> [The records]:

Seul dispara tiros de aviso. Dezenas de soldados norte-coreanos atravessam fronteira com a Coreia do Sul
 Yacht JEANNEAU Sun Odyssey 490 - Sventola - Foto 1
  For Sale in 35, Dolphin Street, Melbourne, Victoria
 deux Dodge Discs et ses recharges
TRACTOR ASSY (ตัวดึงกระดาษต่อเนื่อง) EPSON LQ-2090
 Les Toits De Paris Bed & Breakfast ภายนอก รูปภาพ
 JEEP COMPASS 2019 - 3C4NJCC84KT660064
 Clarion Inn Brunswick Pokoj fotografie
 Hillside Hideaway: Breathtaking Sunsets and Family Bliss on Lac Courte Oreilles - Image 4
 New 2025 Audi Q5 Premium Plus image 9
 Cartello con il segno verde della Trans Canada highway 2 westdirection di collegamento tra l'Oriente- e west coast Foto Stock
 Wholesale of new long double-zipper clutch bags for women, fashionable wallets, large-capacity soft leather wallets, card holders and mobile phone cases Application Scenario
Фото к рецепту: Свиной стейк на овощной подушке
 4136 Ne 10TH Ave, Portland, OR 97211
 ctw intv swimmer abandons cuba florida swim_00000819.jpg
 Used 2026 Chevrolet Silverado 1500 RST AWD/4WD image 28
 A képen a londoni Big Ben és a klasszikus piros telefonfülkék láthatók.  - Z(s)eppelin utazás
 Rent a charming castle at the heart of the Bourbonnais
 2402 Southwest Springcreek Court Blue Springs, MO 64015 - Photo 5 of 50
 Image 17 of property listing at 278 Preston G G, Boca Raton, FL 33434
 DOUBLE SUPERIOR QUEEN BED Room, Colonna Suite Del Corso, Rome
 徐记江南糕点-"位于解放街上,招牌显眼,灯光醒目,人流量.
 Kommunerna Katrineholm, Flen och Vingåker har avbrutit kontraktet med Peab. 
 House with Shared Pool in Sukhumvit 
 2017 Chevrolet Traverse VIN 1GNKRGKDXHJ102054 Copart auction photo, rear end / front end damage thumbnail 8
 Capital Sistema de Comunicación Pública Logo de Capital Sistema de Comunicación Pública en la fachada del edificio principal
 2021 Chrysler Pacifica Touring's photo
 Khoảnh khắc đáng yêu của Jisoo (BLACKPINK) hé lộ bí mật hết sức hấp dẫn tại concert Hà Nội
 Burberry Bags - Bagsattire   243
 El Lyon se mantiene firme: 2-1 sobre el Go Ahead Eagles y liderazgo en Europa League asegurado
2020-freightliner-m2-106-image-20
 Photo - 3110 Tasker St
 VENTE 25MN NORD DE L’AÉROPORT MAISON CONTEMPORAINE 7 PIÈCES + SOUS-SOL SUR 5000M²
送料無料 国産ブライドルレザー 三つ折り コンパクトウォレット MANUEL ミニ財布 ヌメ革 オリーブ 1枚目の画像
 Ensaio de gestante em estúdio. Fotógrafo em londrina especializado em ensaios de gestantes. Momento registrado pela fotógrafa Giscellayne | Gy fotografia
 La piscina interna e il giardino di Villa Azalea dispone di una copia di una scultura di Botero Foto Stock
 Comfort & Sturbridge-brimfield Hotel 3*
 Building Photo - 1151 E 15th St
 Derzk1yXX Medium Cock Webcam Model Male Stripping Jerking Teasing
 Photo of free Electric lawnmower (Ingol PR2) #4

> [What the task requires]: Transcribe the entire listing without a single omission.

> [Exercise result]:
Seul dispara tiros de aviso. Dezenas de soldados norte-coreanos atravessam fronteira com a Coreia do Sul
 Yacht JEANNEAU Sun Odyssey 490 - Sventola - Foto 1
  For Sale in 35, Dolphin Street, Melbourne, Victoria
 deux Dodge Discs et ses recharges
TRACTOR ASSY (ตัวดึงกระดาษต่อเนื่อง) EPSON LQ-2090
 Les Toits De Paris Bed & Breakfast ภายนอก รูปภาพ
 JEEP COMPASS 2019 - 3C4NJCC84KT660064
 Clarion Inn Brunswick Pokoj fotografie
 Hillside Hideaway: Breathtaking Sunsets and Family Bliss on Lac Courte Oreilles - Image 4
 New 2025 Audi Q5 Premium Plus image 9
 Cartello con il segno verde della Trans Canada highway 2 westdirection di collegamento tra l'Oriente- e west coast Foto Stock
 Wholesale of new long double-zipper clutch bags for women, fashionable wallets, large-capacity soft leather wallets, card holders and mobile phone cases Application Scenario
Фото к рецепту: Свиной стейк на овощной подушке
 4136 Ne 10TH Ave, Portland, OR 97211
 ctw intv swimmer abandons cuba florida swim_00000819.jpg
 Used 2026 Chevrolet Silverado 1500 RST AWD/4WD image 28
 A képen a londoni Big Ben és a klasszikus piros telefonfülkék láthatók.  - Z(s)eppelin utazás
 Rent a charming castle at the heart of the Bourbonnais
 2402 Southwest Springcreek Court Blue Springs, MO 64015 - Photo 5 of 50
 Image 17 of property listing at 278 Preston G G, Boca Raton, FL 33434
 DOUBLE SUPERIOR QUEEN BED Room, Colonna Suite Del Corso, Rome
 徐记江南糕点-"位于解放街上,招牌显眼,灯光醒目,人流量.
 Kommunerna Katrineholm, Flen och Vingåker har avbrutit kontraktet med Peab. 
 House with Shared Pool in Sukhumvit 
 2017 Chevrolet Traverse VIN 1GNKRGKDXHJ102054 Copart auction photo, rear end / front end damage thumbnail 8
 Capital Sistema de Comunicación Pública Logo de Capital Sistema de Comunicación Pública en la fachada del edificio principal
 2021 Chrysler Pacifica Touring's photo
 Khoảnh khắc đáng yêu của Jisoo (BLACKPINK) hé lộ bí mật hết sức hấp dẫn tại concert Hà Nội
 Burberry Bags - Bagsattire   243
 El Lyon se mantiene firme: 2-1 sobre el Go Ahead Eagles y liderazgo en Europa League asegurado
2020-freightliner-m2-106-image-20
 Photo - 3110 Tasker St
 VENTE 25MN NORD DE L’AÉROPORT MAISON CONTEMPORAINE 7 PIÈCES + SOUS-SOL SUR 5000M²
送料無料 国産ブライドルレザー 三つ折り コンパクトウォレット MANUEL ミニ財布 ヌメ革 オリーブ 1枚目の画像
 Ensaio de gestante em estúdio. Fotógrafo em londrina especializado em ensaios de gestantes. Momento registrado pela fotógrafa Giscellayne | Gy fotografia
 La piscina interna e il giardino di Villa Azalea dispone di una copia di una scultura di Botero Foto Stock
 Comfort & Sturbridge-brimfield Hotel 3*
 Building Photo - 1151 E 15th St
 Derzk1yXX Medium Cock Webcam Model Male Stripping Jerking Teasing
 Photo of free Electric lawnmower (Ingol PR2) #4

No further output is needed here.